A Company, 162 Infantry: Cutting the Komiatum Track

By Dr. Hargis Westerfield, Division Historian, with Lieutenant Marvin Noble

 Komiatum Track was the Japs' supply trail to Mubo Strip which our Aussie allies were trying to envelop from the southeast. Mubo Strip was the Japs' farthest advance from Salamaua Town. North from Mubo, an estimated 1500 Japs held eight different positions. While George's other two platoons were to press on Japs nearest to Mubo, Noble's assignment was to hit the Japs farthest north and drive down to join George's other men. With Lieutenant Gray's Weapons Platoon (less a mortar and a machine gun crew) Noble's Platoon was to descend from 1st Battalion 162 Headquarters on 1800-foot Bitoi Ridge. He was to turn south down Komiatum Track beside Buigap Creek, and strike the Japs.

With a day's rations, we carried all the clips that we could, some grenades, and perhaps nine rounds for our 60 mm mortar. Lacking a map, we did have a fine guide, Aussie Corporal GL Smith, who had helped light up 1st Battalion 162's landing at Nassau Bay. (Smith would die in action 20 March 1945.)

About 1800 10 July, we left 1st Battalion Headquarters and hiked northwest across Bui Kumbul Creek through heavy jungle that extended north towards Mt Tambu. We made good time early, in fairly light underbrush with 30-40 yards visibility. By 1200, we crossed Bui Kumbul Creek and turned west at about a 90-degree angle.

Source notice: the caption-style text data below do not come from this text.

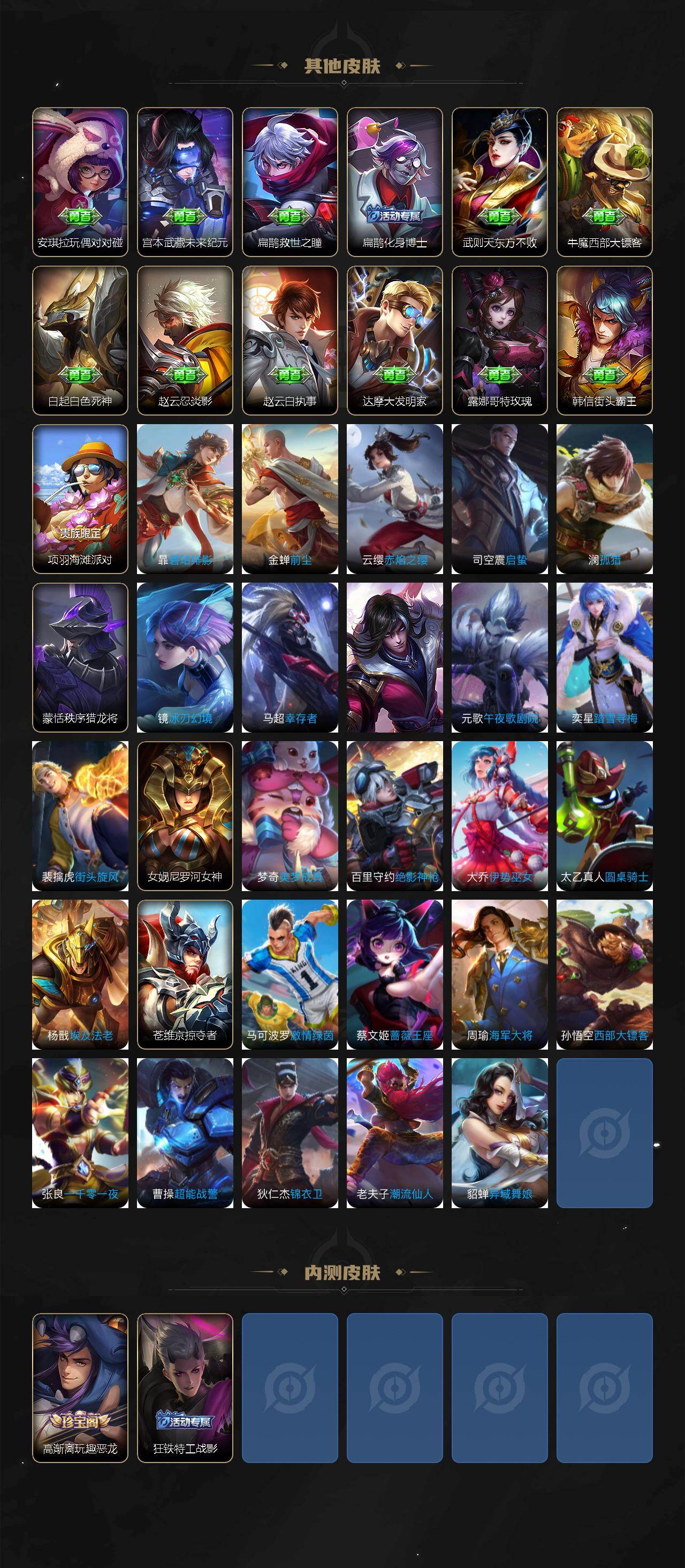 WZXS4308039王者荣耀账号详情图4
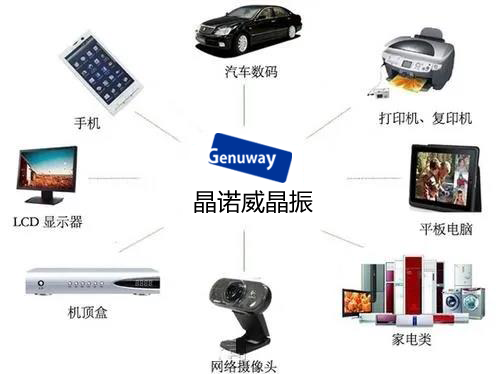 常见的晶振频率有哪些？主要应用在哪些产品？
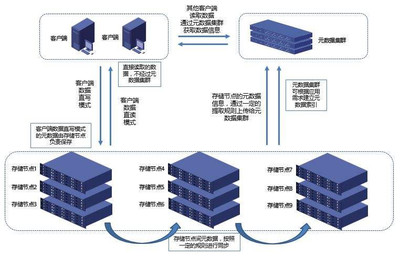 云服務器的分布式存儲技術 數據處理與存儲服務探析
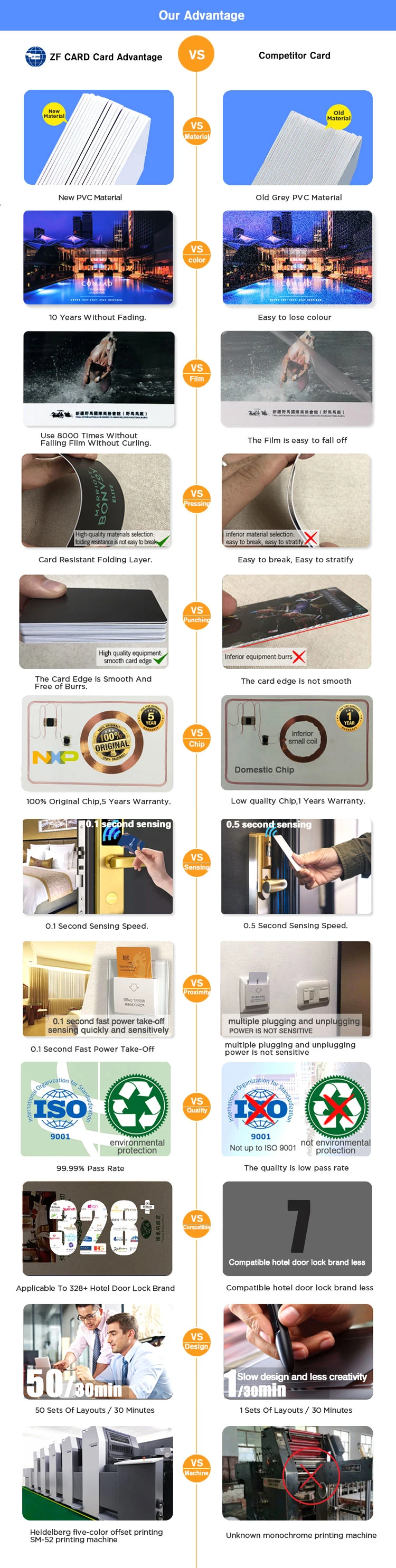 Gold/Silver Stamping Membership VIP Plastic ID Card with Barcode/Magnetic Stripe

We kept much interval between men, and moved carefully by hand signals in total silence. Without a trail, we climbed 1500 feet over a ridge, then dropped down to Komiatum Track about 1630.

Fresh Jap footprints marked the Track. Crossing it, we dug holes, set up our light machine gun, and bedded down in a hard rain-storm that lasted all night. Four of us would not spend another night alive.

Captain George later said that Noble's Platoon was wrongly led into a position 1500 yards farther north than it should have been. Perhaps Noble's epic fight of 11 July 1943 would have been more successful if they had attacked farther south; but they would fight gallantly and well.

At daybreak 11 July, Noble dispatched two recon patrols to find the Japs in that mountain jungle labyrinth. Patrolling north up Buigap Creek, Lieutenant Gray was to follow the Track 700-800 yards north to secure our rear. Platoon/Sergeant Fogel was to take six men including BARman Perpick to locate the Japs ahead. Fogel was to avoid combat and report back in an hour.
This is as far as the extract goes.